_THE TASK_: Please output only the lines running from the one that contains "Volkswagen Tiguan L 2017 — фото 1" through the last line of the data below, exactly as they stand, with no pictures.

Short text fragments from websites
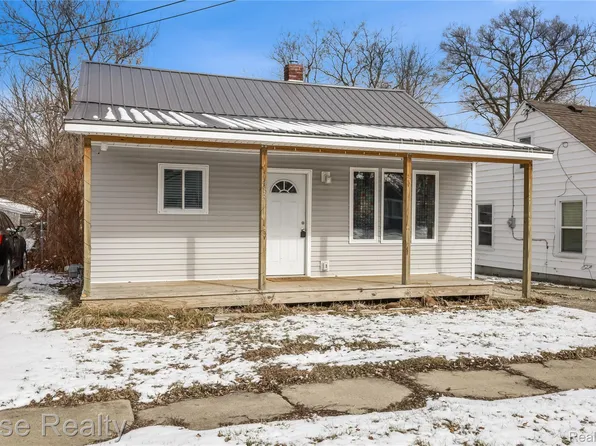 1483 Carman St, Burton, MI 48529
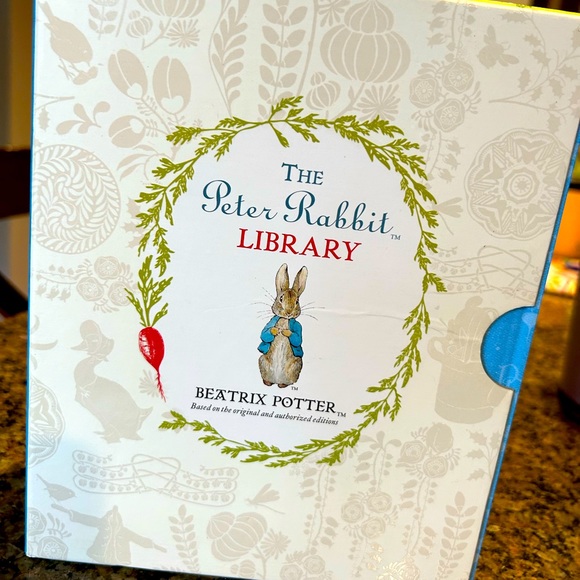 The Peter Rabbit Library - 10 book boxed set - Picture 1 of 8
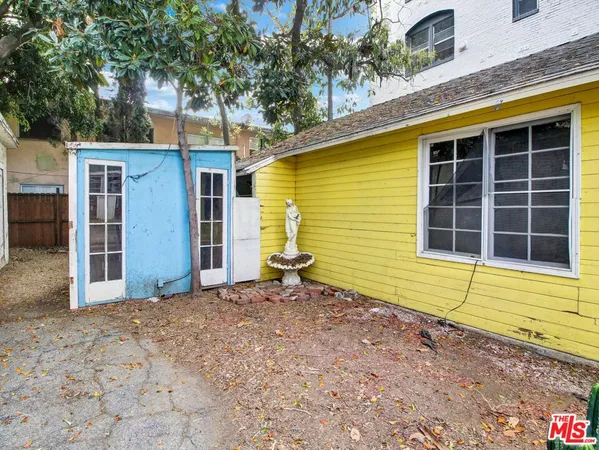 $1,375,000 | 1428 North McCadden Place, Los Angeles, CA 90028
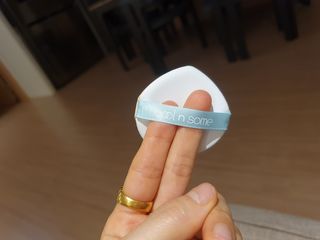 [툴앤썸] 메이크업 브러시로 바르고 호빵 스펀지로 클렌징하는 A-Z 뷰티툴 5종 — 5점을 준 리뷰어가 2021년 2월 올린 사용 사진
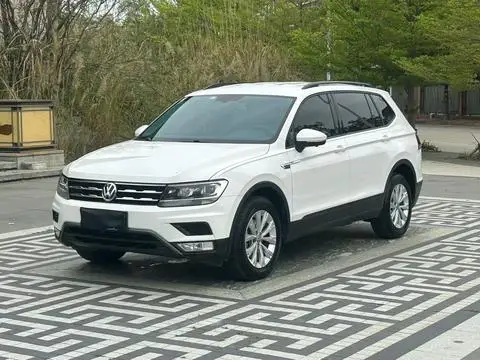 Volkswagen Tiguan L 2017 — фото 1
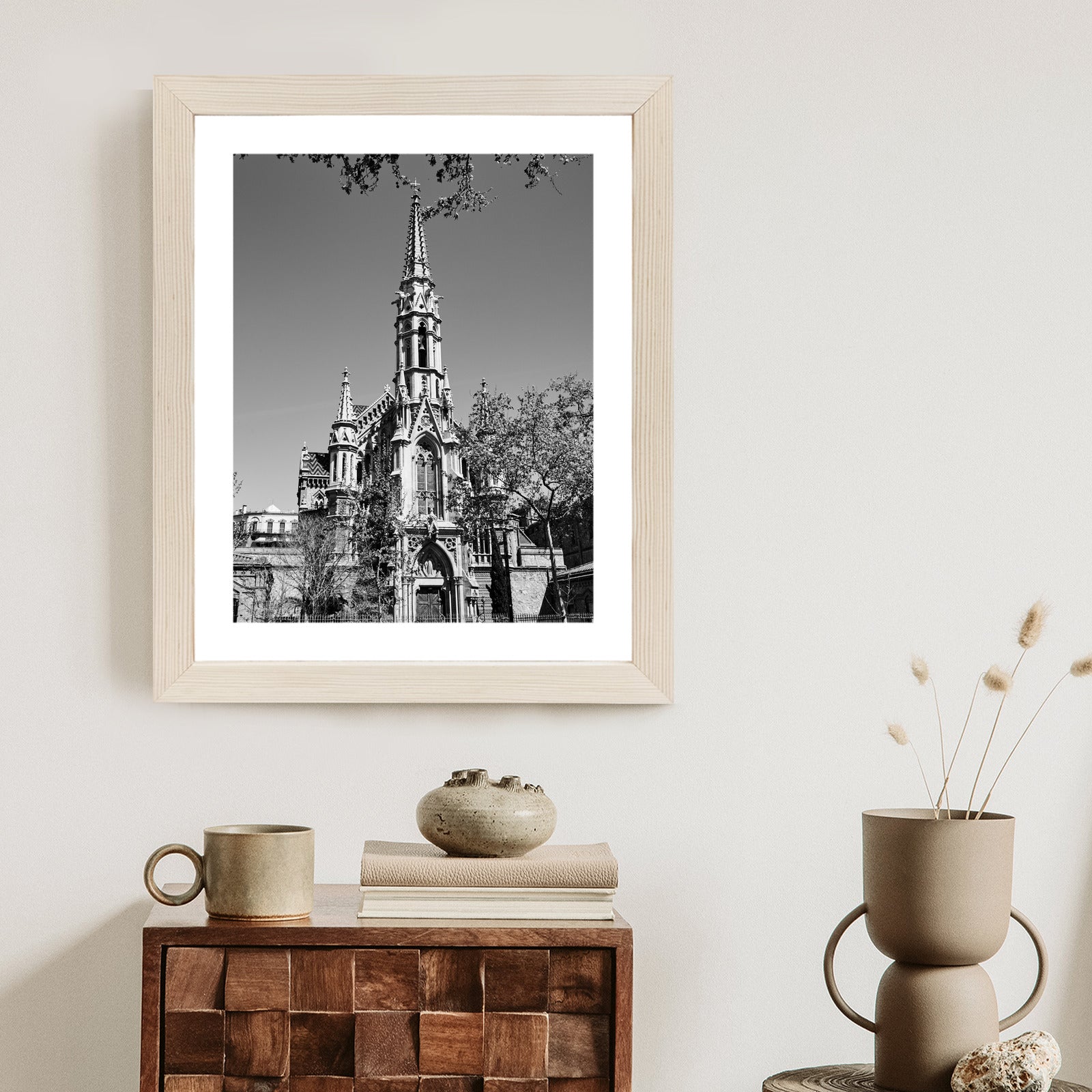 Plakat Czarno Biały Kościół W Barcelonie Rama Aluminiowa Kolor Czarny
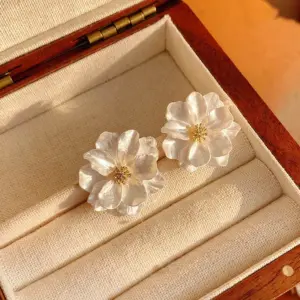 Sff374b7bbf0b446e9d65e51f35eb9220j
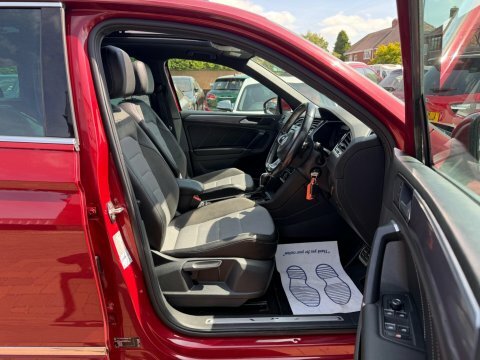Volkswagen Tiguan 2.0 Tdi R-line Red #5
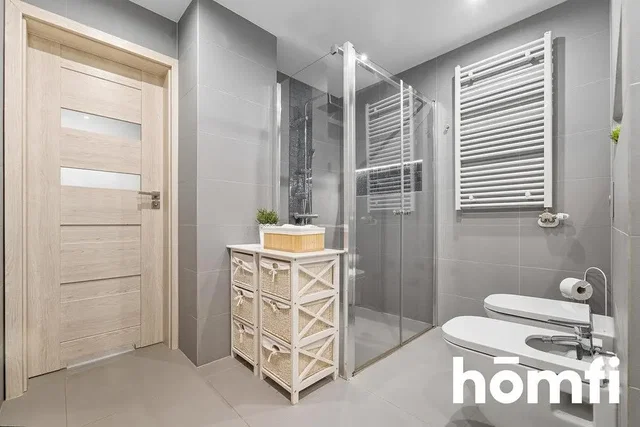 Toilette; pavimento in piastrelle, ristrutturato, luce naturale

_SOLUTION_:
 Volkswagen Tiguan L 2017 — фото 1
 Plakat Czarno Biały Kościół W Barcelonie Rama Aluminiowa Kolor Czarny
 Sff374b7bbf0b446e9d65e51f35eb9220j
Volkswagen Tiguan 2.0 Tdi R-line Red #5
 Toilette; pavimento in piastrelle, ristrutturato, luce naturale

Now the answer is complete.